=== About this exercise ===
A word-for-word retyping of the listing below is required, with the pictures dropped.

=== Given material ===
= = = =
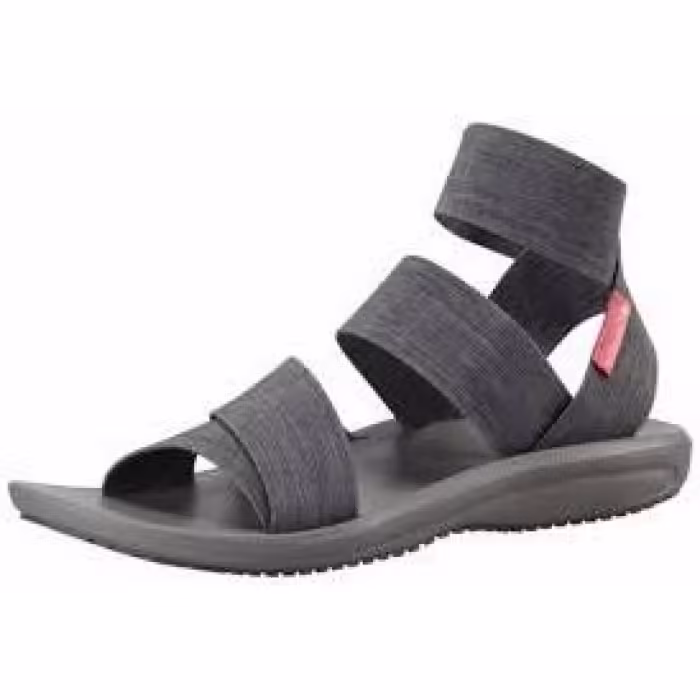 Sandale Columbia Barraca Strap Gri 40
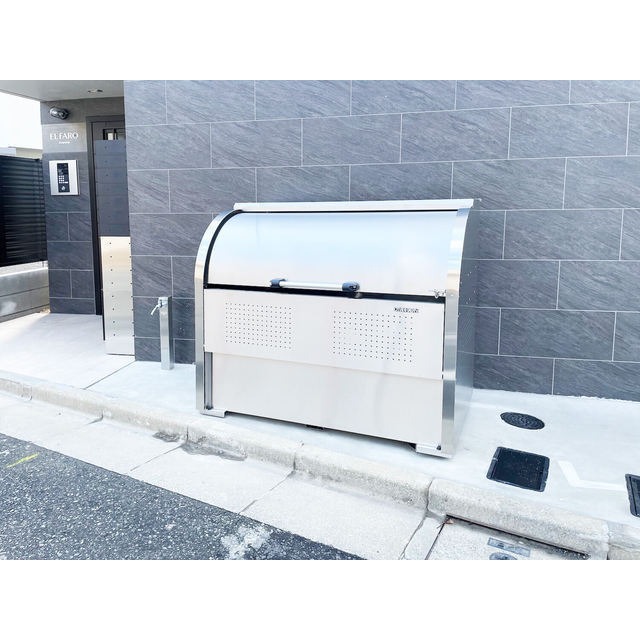 エルファーロ善福寺2階 部屋その他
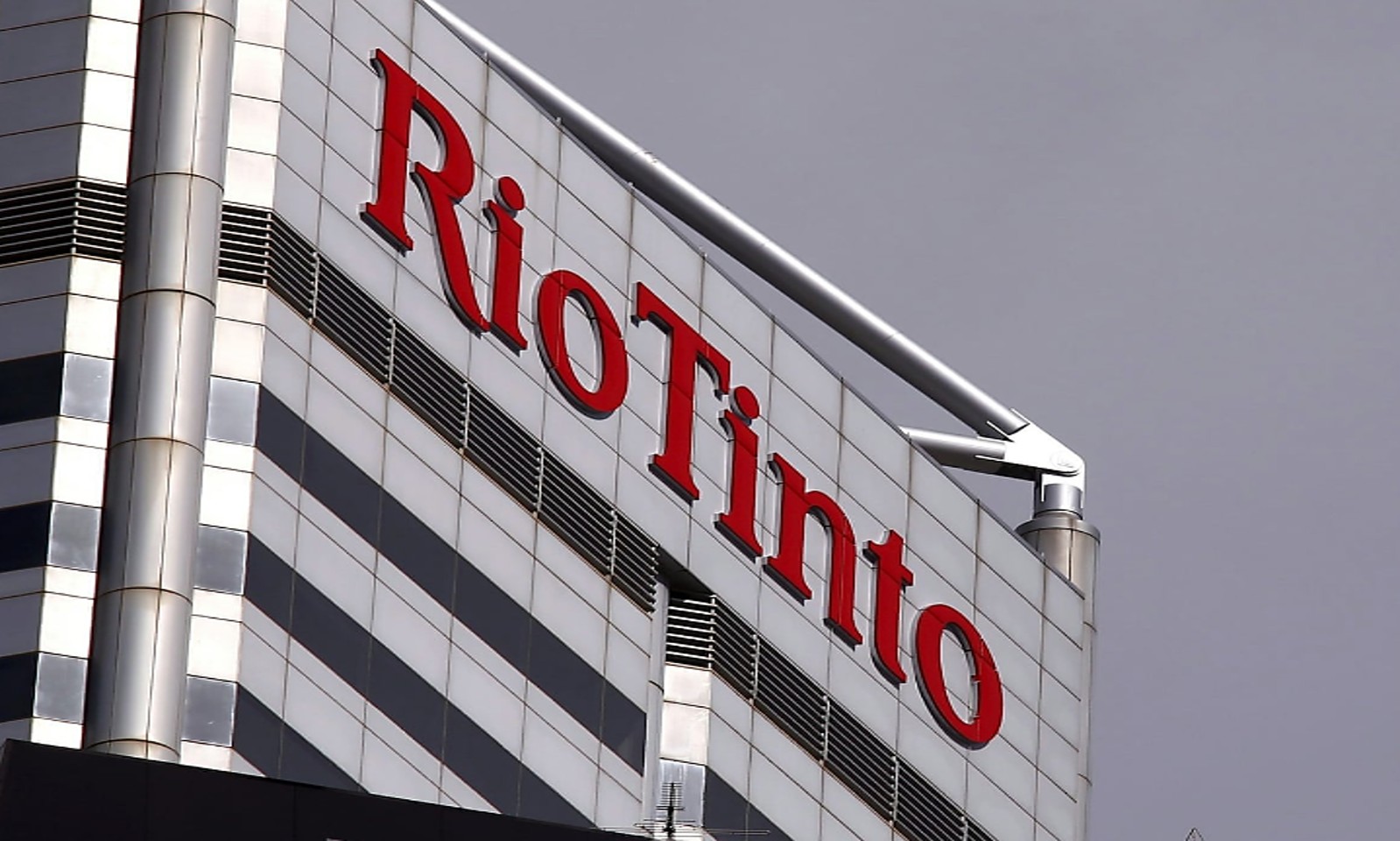 Rio Tinto Partners with RevoCast to Expand Low-Carbon Billet Supply in North America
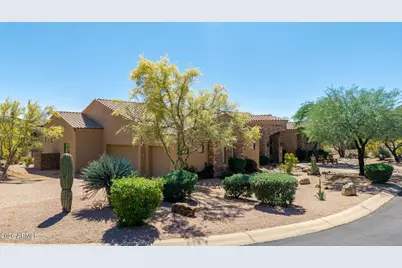 10761 E Calle Del Cascabel --, Gold Canyon, AZ 85118 - Photo 72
= = = =
=== Task answer ===
 Sandale Columbia Barraca Strap Gri 40
 エルファーロ善福寺2階 部屋その他
 Rio Tinto Partners with RevoCast to Expand Low-Carbon Billet Supply in North America
 10761 E Calle Del Cascabel --, Gold Canyon, AZ 85118 - Photo 72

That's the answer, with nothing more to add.